Wim Wenders fails to return to form in the distant drama ‘Submergence.’

I interviewed director Wim Wenders in the mid-’90s, and a sizable part of the conversation focused on an element of filmmaking he found supremely important: the sense of place. One can’t just parachute in somewhere and shoot a film; you need to know a location and understand it.

Well … hmmm. Wenders’ new film, Submergence, travels to a terrorist encampment in Somalia and a deep-diving submarine at the bottom of the Atlantic Ocean. Compared to Wenders’ explorations of his native Germany in Wings of Desire and The American Friend or his deep drilling of the American landscape in Paris, Texas, this is a tourist’s visit. It might explain why Submergence—though sincere and sometimes woozily affecting—feels like a skim over the surface.

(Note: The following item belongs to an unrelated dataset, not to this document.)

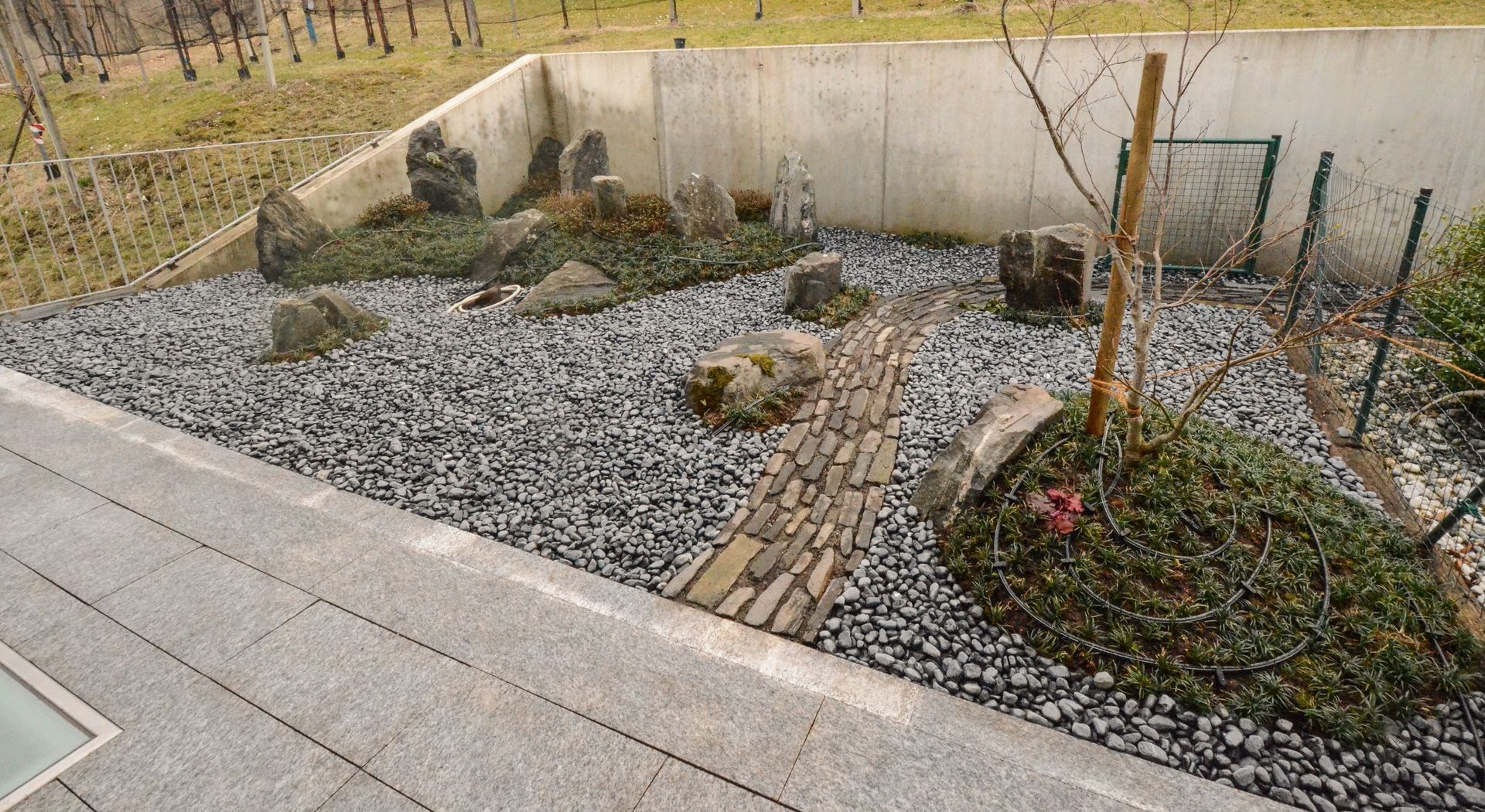 Un giardino con un sacco di rocce e piante al suo interno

Things begin as two strangers meet in a deluxe French resort. Dani (Oscar winner Alicia Vikander) is a marine scientist, counting the days to her first trip in a deepwater sub, a journey that inspires thoughts about the fragility of life. James (James McAvoy) says he is a British government employee working on global water issues—so they have that in common. When they quiz each other about their favorite bodies of water (flirting couples have been known to do this): she says Atlantic, he says the human body.

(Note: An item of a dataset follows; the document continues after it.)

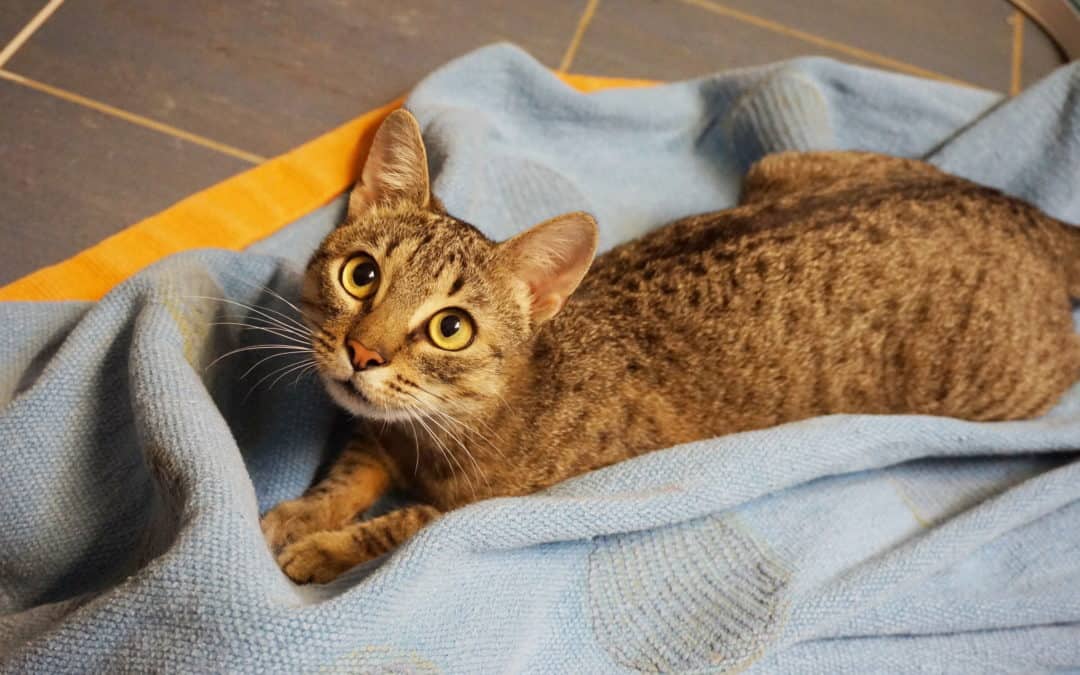 Große Gefahr bei Katzen durch Fensterstürze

Early on, we know there’s more to his story, something to do with dangerous espionage. He’s off to Africa, she’s bound for Iceland, so their romance is brief. The courtship itself is appealing in part because Vikander goes straight to the point of a scene—Dani is not meek, or compliant, or even all that nice. You believe her commitment to science, completely. That’s why, when the second half of the film separates the two, Dani’s shift from focused scientist to worried lover doesn’t ring especially true. The separation does create some haunting connections between Dani and James, because Wenders understands that people in movies can be connected by a simple cut—just as you cut from one person to another when they’re in the same room, you can unite them across continents and oceans with a single edit. At times they’re in as much a mind-meld as Rey and Kylo Ren in The Last Jedi, another recent film that employed the same device. So when one of them recites John Donne’s “No Man Is an Island,” we believe that both people can hear the words, somehow. They are, to borrow the title of another Wenders film, “faraway, so close!”

In this arena, Wenders owes something to the example of the late Krzysztof Kieslowski, whose movies (The Double Life of Veronique and the Three Colors trilogy especially) explored mysterious linkages. It feels as if Wenders is sightseeing in Kieslowski’s mystical territory, in fact, as the film’s take on spirituality is just a little undercooked.

Wenders’ films have meandered in recent years, and unfortunately Submergence (based on J.M. Ledgard’s novel) isn’t a definitive return to form. But I did like the Germanic sobriety Wenders applies to the material—you never doubt something is at stake, even if the storytelling pieces don’t always pay off. When Dani and James wander outside and talk of love and death, Wenders foregrounds the sound of the wind whispering through the treetops, and darned if that eerie noise doesn’t resemble the bell tolling for one, or both, of them.